The Yuan forwards have increased for the 7th straight day now as optimism is there in market that the Asian powerhouse will embark on further currency reforms. Incidentally, Yuan traded close to 19-year high against the greenback as Zhou Xiachuan, the Governor of Chinese Central Bank, declared that China should be on high alert over inflation. He reiterated importance of gradual reform for convertibility of Yuan.
According to the Chief Executive Officer of Eurex AG, Andreas Preuss, Asian market holds future for most of the investors. He added that as population is growing in this region, so as average wealth; it is obvious that demand for options and futures contracts will be created over here.
As far as the data of People’s Bank of China is concerned, the proportion of international transactions conducted through Yuan increased to 9% from 1% of the year 2009. Incidentally, on the very same year, China started a pilot program that allowed usage of Yuan to complete international transactions.
By the next 2 years, more than one-third of the total cross-border trade of China will be done through Yuan, according to the HSBC forecast report published in this week. Incidentally, if this happens, Yuan will become one of the 3 most used currencies for worldwide trading; the other 2 being Euro and USD.

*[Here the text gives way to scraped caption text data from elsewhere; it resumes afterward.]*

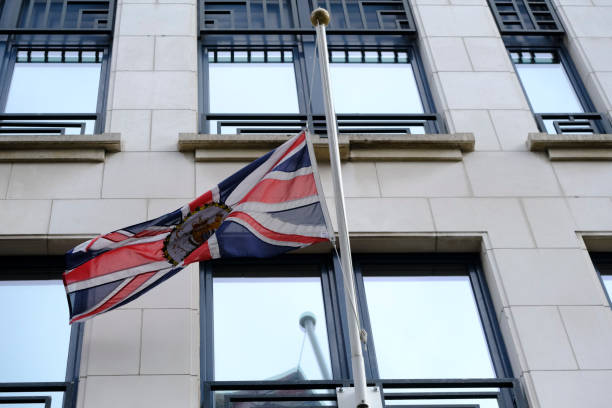 the union flag at half-mast, brussels - british flag freedom photography english flag imagens e fotografias de stock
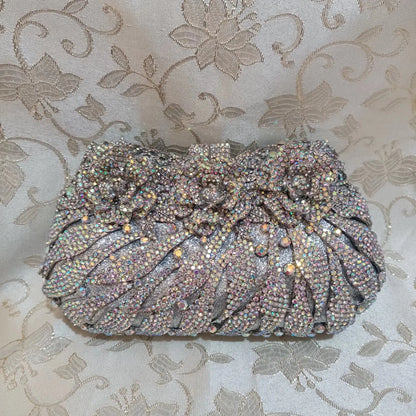Stylish solid design evening clutch for women, featuring high-quality metallic material and a sophisticated look for parties.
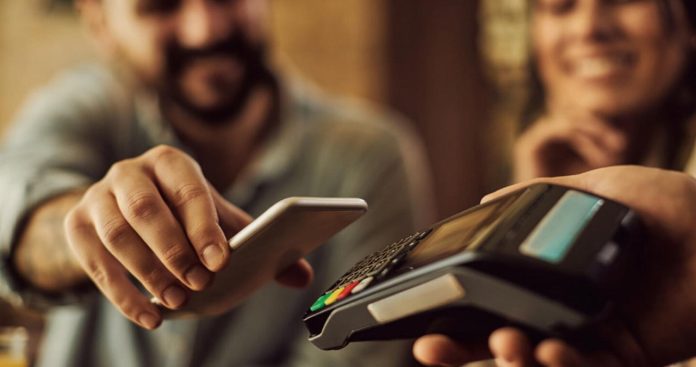 Un terminal POS afișând mesaj de eroare la plată lângă un card bancar și un smartphone deschis pe o aplicație bancară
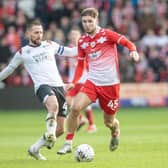 Barnsley striker John McAtee takes on Derby captain and ex-Reds favourite Conor Hourihane in a league game in February. Picture: Tony Johnson.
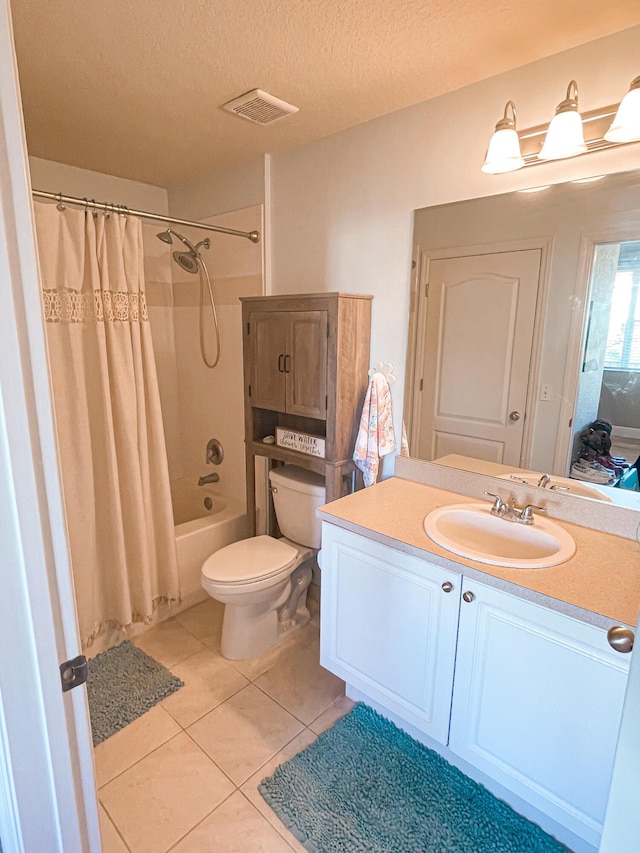 full bathroom featuring vanity, tile patterned flooring, toilet, a textured ceiling, and shower / tub combo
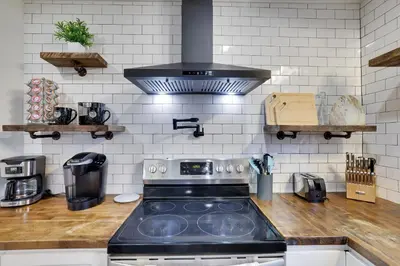 a kitchen with a stove top oven in a kitchen at Winter retreat, hot tub, game room, indoor pool, in Long Pond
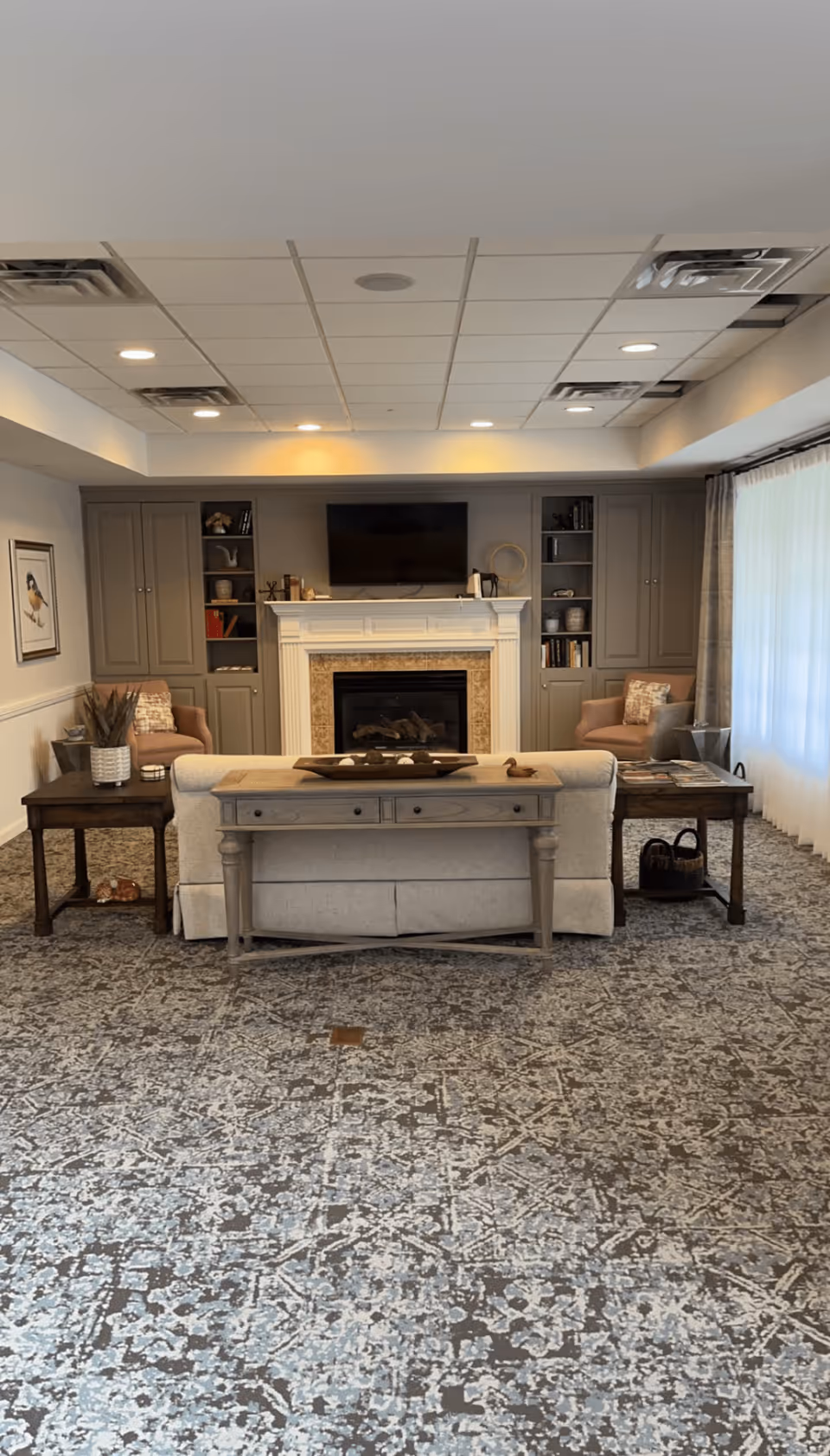 A cozy living room with a patterned carpet, a beige sofa facing a white fireplace with a mounted TV above it. On either side of the fireplace are built-in shelves and cabinets. Two armchairs with cushions are placed near the fireplace, and side tables with decorative items flank the sofa. Large windows with sheer curtains allow natural light into the room.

Incidentally, Paris, Zurich and London are currently racing against each other to become the new center for Yuan trading in the Euro region, as Chinese Government has intentions of taking it to entire world. Incidentally, the Bank of England recently announced that it is ahead in the race to become first of the Group of 7 countries to sign a currency-swap agreement with People’s Bank of China after a meeting was conducted in February. If it happens, UK Central Bank may supply 400 billion Yuan to banks.